Posted to java-user@lucene.apache.org by Manuel Amoabeng <ma...@vjoon.com> on 2013/11/07 11:59:13 UTC

What is the best way to aggregate scores for sets of documents?

Hello everybody,


I am currently working on an index where the documents only represent parts of the entities that should be searchable: 
We have text objects indexed as independent documents but actually want to find articles the text objects are placed on. We also need to provide an indication of the relevance of the matched articles.
In this scenario the way the content of an article is distributed in text objects will determine how many hits representing the article are present in TopDocs.scoreDocs and what score they carry.

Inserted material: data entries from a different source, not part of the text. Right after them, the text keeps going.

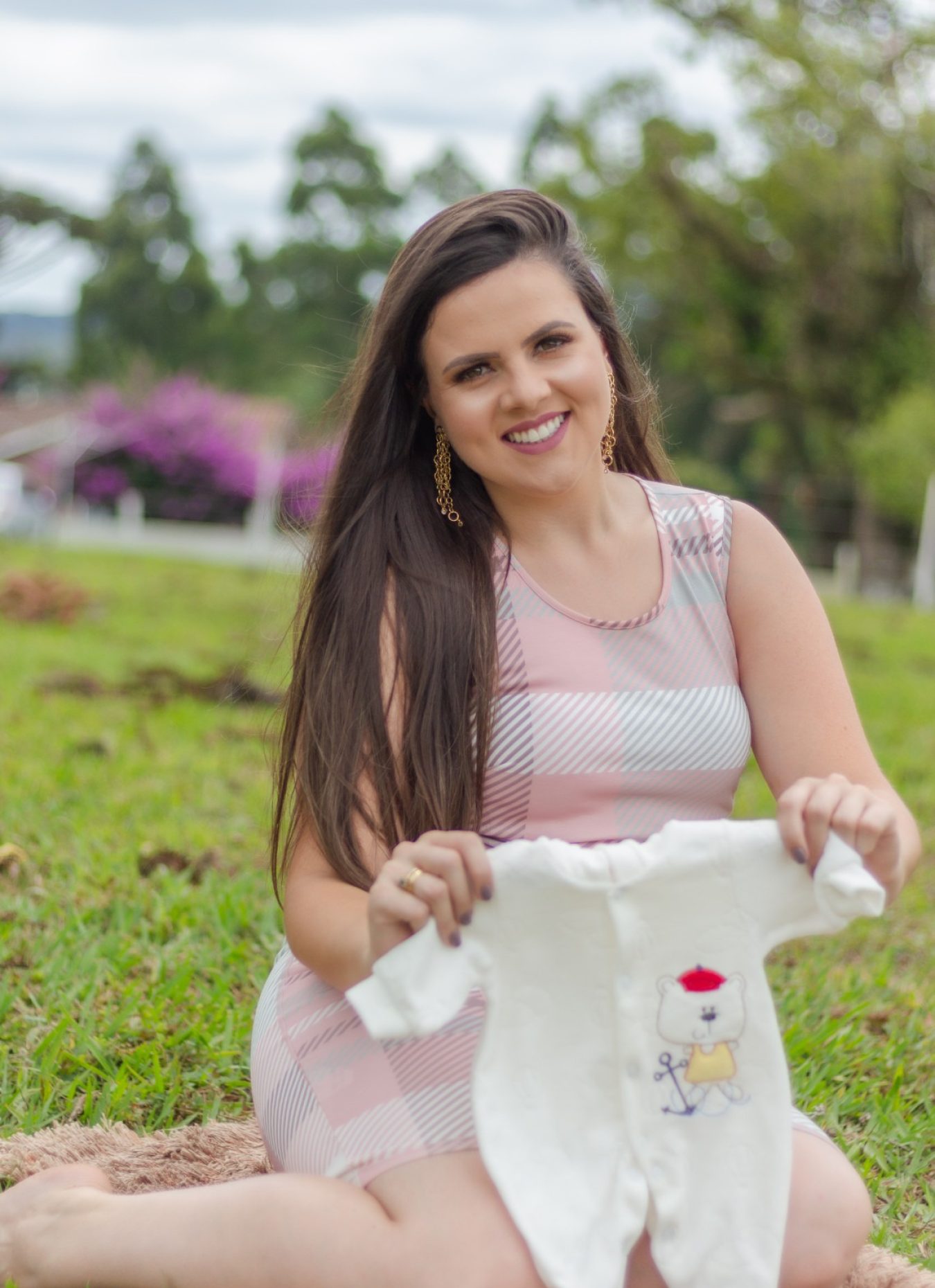 Larissa2020 (13)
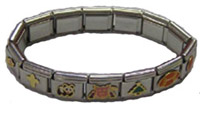 pb090005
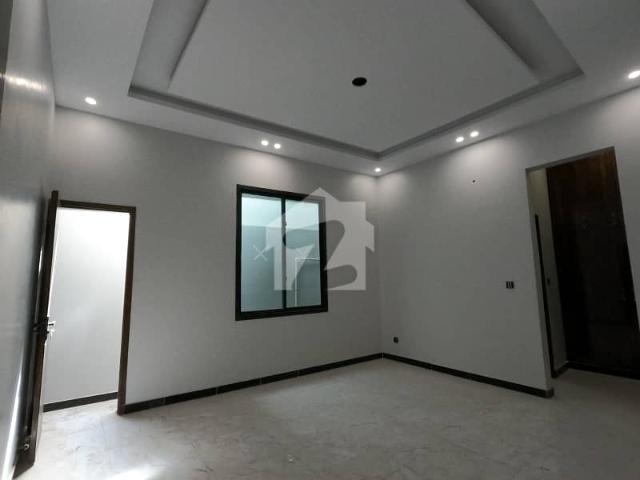 House for sale in North Waziristan, Federally Administered Tribal Areas fata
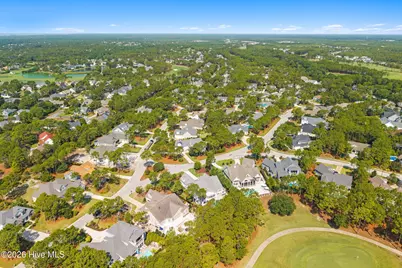 4153 Wyndmere Drive, Southport, NC 28461 - Photo 93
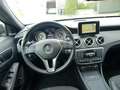 Mercedes-Benz GLA 250 GLA -Klasse GLA 250 4Matic Panorama Navi Xenon Gris - thumbnail 10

Is there are a way to aggregate the scores for logically connected ScoreDocs so that the result would be similar to the score a single document containing all matched content would have gotten? 


Thanks and best regards,

Manuel

Re: What is the best way to aggregate scores for sets of documents?

Posted by Alan Burlison <al...@gmail.com>.

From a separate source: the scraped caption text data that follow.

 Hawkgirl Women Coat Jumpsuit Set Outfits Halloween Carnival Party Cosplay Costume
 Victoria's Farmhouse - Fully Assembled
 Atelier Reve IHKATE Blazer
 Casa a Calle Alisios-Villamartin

On 07/11/2013 13:17, Manuel Amoabeng wrote:

> Sounds good, but wouldn't  the aggregated scores of documents
> consisting of many sub-documents potentially be greater than the
> scores of docs with very few sub-documents even if the overall
> content is equal?

I don't pretend to understand Lucene scoring well enough to say, I just 
did the easiest thing I could think of and by observation it worked 
well, so I didn't bother digging any further. You could always average 
the scores within a grouping which would reduce the influence of the 
number of documents, but in my case I wanted groupings with higher 
numbers of matching documents to score higher, so simple addition of the 
scores worked well.

-- 
Alan Burlison
--

---------------------------------------------------------------------
To unsubscribe, e-mail: java-user-unsubscribe@lucene.apache.org
For additional commands, e-mail: java-user-help@lucene.apache.org

Re: What is the best way to aggregate scores for sets of documents?

Posted by Manuel Amoabeng <ma...@vjoon.com>.

Sounds good, but wouldn't  the aggregated scores of documents consisting of many sub-documents potentially be greater than the scores of docs with very few sub-documents even if the overall content is equal? 

Thanks,

Manuel

On 07.11.2013, at 14:08, Alan Burlison <al...@gmail.com> wrote:

> On 07/11/2013 10:59, Manuel Amoabeng wrote:
> 
>> Is there are a way to aggregate the scores for logically connected
>> ScoreDocs so that the result would be similar to the score a single
>> document containing all matched content would have gotten?
> 
> I did something similar by just post-processing the query results, grouping by the upper-level construct and adding up all the scores for the sub-documents, then sorting by aggregated score. Crude, but gives good relevancy in the results.
> 
> -- 
> Alan Burlison
> --
>

Re: What is the best way to aggregate scores for sets of documents?

Posted by Alan Burlison <al...@gmail.com>.

On 07/11/2013 10:59, Manuel Amoabeng wrote:

> Is there are a way to aggregate the scores for logically connected
> ScoreDocs so that the result would be similar to the score a single
> document containing all matched content would have gotten?

I did something similar by just post-processing the query results, 
grouping by the upper-level construct and adding up all the scores for 
the sub-documents, then sorting by aggregated score. Crude, but gives 
good relevancy in the results.

-- 
Alan Burlison
--

---------------------------------------------------------------------
To unsubscribe, e-mail: java-user-unsubscribe@lucene.apache.org
For additional commands, e-mail: java-user-help@lucene.apache.org

Re: What is the best way to aggregate scores for sets of documents?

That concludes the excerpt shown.